Python Pandas Tutorials For Beginners

1. Pandas Introduction

This is a beginner’s guide of Python Pandas DataFrame Tutorial where you will learn what is DataFrame? its features, its advantages, and how to use DataFrame with sample examples.

2. What is Python Pandas?

Pandas is the most popular open-source library in the Python programming language and pandas is widely used for data science/data analysis and machine learning applications. It is built on top of another popular package named Numpy, which provides scientific computing in Python and supports multi-dimensional arrays.

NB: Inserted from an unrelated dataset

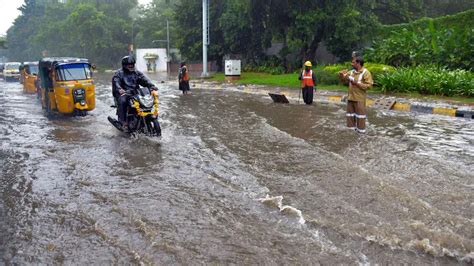 Heavy Rains Lash Parts Of Country Imd Issues Alert In Maharashtra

It is developed by Wes McKinney, check his GitHub for other projects he is working on.

Following are the main two data structures supported by Pandas.

pandas Series
pandas DataFrame
pandas Index

2.1 What is Pandas Series

In simple words Pandas Series is a one-dimensional labeled array that holds any data type (integers, strings, floating-point numbers, None, Python objects, etc.). The axis labels are collectively referred to as the index. The later section of this pandas tutorial covers more on the Series with examples.

2.2 What is Pandas DataFrame

Pandas DataFrame is a 2-dimensional labeled data structure with rows and columns (columns of potentially different types like integers, strings, float, None, Python objects e.t.c). You can think of it like a spreadsheet or SQL table, or a dict of Series objects. It is generally the most commonly used pandas object. The later section of this pandas tutorial covers more on DataFrame with examples.

3. Pandas Advantages

4. Pandas vs PySpark

In very simple words Pandas run operations on a single machine whereas PySpark runs on multiple machines. If you are working on a Machine Learning application where you are dealing with larger datasets, PySpark is the best where you need to process operations many times(100x) faster than Pandas.

PySpark is also very well used in Data Science and Machine Learning community as there are many widely used data science libraries written in Python including NumPy, TensorFlow. Also, PySpark is used due to its efficient processing of large datasets. PySpark has been used by many organizations like Walmart, Trivago, Sanofi, Runtastic, and many more.

PySpark is a Spark library written in Python to run Python applications using Apache Spark capabilities. Using PySpark we can run applications parallelly on the distributed cluster (multiple nodes) or even on a single node.

Apache Spark is an analytical processing engine for large scale powerful distributed data processing and machine learning applications.

Spark was basically written in Scala and later on due to its industry adaptation, its API PySpark was released for Python using Py4J. Py4J is a Java library that is integrated within PySpark and allows python to dynamically interface with JVM objects, hence to run PySpark you also need Java to be installed along with Python, and Apache Spark.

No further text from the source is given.